Start of Input data

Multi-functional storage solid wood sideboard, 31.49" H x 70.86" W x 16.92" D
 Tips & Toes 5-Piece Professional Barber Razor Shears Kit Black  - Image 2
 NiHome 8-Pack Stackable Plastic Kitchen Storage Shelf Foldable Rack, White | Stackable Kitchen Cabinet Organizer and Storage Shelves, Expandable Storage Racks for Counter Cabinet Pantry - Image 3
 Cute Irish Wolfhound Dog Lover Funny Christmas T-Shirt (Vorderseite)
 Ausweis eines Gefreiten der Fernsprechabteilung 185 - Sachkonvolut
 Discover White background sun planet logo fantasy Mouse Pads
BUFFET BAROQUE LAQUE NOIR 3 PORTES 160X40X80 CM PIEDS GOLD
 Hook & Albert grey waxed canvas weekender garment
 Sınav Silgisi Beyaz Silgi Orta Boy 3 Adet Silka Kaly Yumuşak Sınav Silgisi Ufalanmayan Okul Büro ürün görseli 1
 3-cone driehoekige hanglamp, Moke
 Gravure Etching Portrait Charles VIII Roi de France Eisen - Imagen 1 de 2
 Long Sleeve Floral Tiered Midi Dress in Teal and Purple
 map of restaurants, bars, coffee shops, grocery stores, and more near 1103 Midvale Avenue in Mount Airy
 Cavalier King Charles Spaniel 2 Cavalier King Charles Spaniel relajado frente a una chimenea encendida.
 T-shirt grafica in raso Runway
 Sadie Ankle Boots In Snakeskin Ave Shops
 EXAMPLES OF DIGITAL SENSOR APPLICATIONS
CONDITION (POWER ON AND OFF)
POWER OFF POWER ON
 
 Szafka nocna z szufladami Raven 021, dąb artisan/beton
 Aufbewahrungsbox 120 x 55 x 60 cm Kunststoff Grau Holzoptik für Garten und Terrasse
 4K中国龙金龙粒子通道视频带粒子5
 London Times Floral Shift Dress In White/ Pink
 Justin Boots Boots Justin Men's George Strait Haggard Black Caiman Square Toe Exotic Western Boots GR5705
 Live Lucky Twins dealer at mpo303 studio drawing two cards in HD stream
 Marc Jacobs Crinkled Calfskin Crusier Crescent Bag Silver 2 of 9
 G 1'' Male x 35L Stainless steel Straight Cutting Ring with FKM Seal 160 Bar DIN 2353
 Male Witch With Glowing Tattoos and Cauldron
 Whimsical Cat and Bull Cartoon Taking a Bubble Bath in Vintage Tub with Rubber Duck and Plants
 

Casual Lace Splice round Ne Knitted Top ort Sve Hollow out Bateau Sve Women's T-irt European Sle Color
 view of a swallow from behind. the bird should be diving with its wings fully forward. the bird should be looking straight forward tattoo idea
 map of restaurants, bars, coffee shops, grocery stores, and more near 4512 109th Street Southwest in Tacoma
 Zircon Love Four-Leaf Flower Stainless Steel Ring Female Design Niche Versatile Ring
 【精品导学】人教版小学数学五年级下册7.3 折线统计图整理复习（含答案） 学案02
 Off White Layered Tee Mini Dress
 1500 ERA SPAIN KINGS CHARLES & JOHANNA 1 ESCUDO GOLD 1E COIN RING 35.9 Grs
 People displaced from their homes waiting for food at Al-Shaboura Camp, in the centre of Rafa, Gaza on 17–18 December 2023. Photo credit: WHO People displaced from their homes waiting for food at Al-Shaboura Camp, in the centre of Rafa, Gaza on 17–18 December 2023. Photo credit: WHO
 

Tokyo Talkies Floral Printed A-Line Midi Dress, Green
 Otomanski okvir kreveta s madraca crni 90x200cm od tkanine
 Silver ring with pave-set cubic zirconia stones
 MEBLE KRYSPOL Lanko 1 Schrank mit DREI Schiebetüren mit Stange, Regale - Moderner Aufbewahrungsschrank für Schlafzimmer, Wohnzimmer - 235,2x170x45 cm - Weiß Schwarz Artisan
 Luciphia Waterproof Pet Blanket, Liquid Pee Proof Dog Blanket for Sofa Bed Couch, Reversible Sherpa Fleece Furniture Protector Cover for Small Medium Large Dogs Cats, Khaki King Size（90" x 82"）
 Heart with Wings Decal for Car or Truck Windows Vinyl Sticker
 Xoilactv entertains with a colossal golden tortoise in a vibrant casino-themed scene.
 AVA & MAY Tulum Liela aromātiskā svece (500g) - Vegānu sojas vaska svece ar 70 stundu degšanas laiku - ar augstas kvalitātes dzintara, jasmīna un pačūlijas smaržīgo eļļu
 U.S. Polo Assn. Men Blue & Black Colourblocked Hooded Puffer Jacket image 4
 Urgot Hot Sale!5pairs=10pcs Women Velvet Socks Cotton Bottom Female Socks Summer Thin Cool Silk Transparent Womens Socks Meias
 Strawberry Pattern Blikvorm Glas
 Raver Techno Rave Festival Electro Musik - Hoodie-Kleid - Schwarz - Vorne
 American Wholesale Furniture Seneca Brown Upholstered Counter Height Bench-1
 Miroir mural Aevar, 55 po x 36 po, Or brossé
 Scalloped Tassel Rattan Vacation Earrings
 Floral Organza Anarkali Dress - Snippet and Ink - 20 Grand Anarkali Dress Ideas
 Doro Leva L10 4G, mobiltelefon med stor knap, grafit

End of Input data

◆ Problem requirements ◆
The expected answer is every line in the data above that carries the string "from".

◆ Response to the task ◆
 view of a swallow from behind. the bird should be diving with its wings fully forward. the bird should be looking straight forward tattoo idea
 People displaced from their homes waiting for food at Al-Shaboura Camp, in the centre of Rafa, Gaza on 17–18 December 2023. Photo credit: WHO People displaced from their homes waiting for food at Al-Shaboura Camp, in the centre of Rafa, Gaza on 17–18 December 2023. Photo credit: WHO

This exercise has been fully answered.